Lieutenant Colonel Charles Gold was Commander Royal Artillery in command of 40 Guns, 15 officers and 290 men.

Leamington History Group member David Eason has researched Charles’ life and his role in the Battle of Waterloo.

Charles was born in Ireland in 1768, the son of Captain Richard Gold who was later killed at the Battle of Bunker Hill during the American Revolutionary War.

He married Ann Kilvington of Warwick and they had three sons (who all became soldiers) and two daughters.

At the Battle of Waterloo on Sunday June 18, 1815, after heavy rain it broke into a clear day as the British/Allied Lines sounded with the drummer’s beat of reveille at 4.30am.

The first shot fired was from British Artillery upon the French Infantry as they advanced on ‘Hougoumont’ on the French left flank.

During the advance of the 2nd Division in the afternoon a French howitzer shell penetrated an ammunition wagon of Charles’ command and exploded its cargo. Few men were hurt, but the horses were horribly mutilated and galloped madly about the field.

Later, in a last-ditch attempt to beat the British before turning onto the Prussians, Napoleon sent in his Imperial Guard which advanced upon the British centre.

Several regiments of the Imperial Guard Cavalry attacked the 2nd Division.

Charles’ guns turned on the Old Guard as it advanced up the ridge, but the Old Guard, even though rocked, stood their ground until the Duke gave the order; “Put every gun to them Sir”.

The Middle Guard was stopped, and began to retreat which ended up as a rout, spreading throughout the French Army as the Old Guard was completely destroyed to a man where they stood.

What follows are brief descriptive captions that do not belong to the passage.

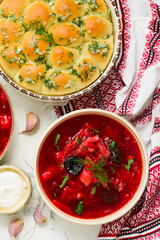 Traditional Ukrainian borsch with pampushki .style rustic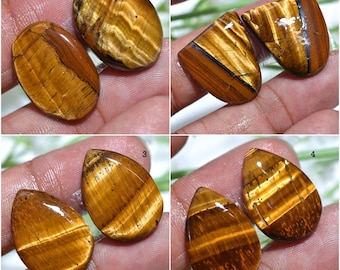 May include: Four pairs of polished tiger's eye gemstones. The stones vary in shape, including oval and teardrop. The tiger's eye exhibits a chatoyant effect with bands of golden brown and black.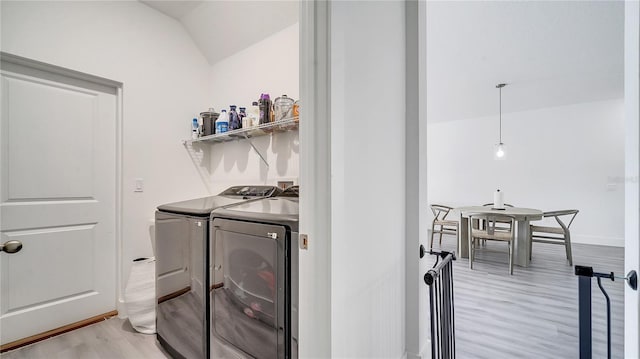 laundry area with washer and clothes dryer and light wood-type flooring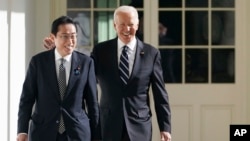 FILE - President Joe Biden and Japanese Prime Minister Fumio Kishida walk at the White House, Jan. 13, 2023. Biden will host Kishida on April 10, with the goal of strengthening a critical alliance as the U.S. has sought to counter China's influence in the Indo Pacific region.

Charles survived the battle and was mentioned in despatches. He was appointed a Companion of the Bath on the recommendation of the Duke of Wellington.

Charles retired his commission in December 1827 due to bad health.

It is believed that shortly after his retirement Charles took up residence in Leamington and, according to the 1841 census he, was living with his daughter Mary in Newbold Road.

The residence was a lodging house, kept by 53-year-old Elizabeth Bate and two servants. Charles died there on Sunday April 17, 1842, after a long illness, aged 73. He was buried by the Rev John Craig at All Saints parish church. By 1838, the churchyard was full and a piece of land in New Street was purchased for burials. The land has since been cleared and the headstones placed against its perimeter.